### Work instruction
Using the records below, filter out every line that lacks "with" and copy the rest.

Data listing START

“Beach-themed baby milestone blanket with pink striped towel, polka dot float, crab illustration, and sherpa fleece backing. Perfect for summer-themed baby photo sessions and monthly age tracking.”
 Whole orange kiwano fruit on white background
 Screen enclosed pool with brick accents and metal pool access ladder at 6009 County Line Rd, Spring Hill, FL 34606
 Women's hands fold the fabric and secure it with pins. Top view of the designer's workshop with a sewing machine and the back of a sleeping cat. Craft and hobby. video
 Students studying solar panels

Data listing END

### Response area
“Beach-themed baby milestone blanket with pink striped towel, polka dot float, crab illustration, and sherpa fleece backing. Perfect for summer-themed baby photo sessions and monthly age tracking.”
 Screen enclosed pool with brick accents and metal pool access ladder at 6009 County Line Rd, Spring Hill, FL 34606
 Women's hands fold the fabric and secure it with pins. Top view of the designer's workshop with a sewing machine and the back of a sleeping cat. Craft and hobby. video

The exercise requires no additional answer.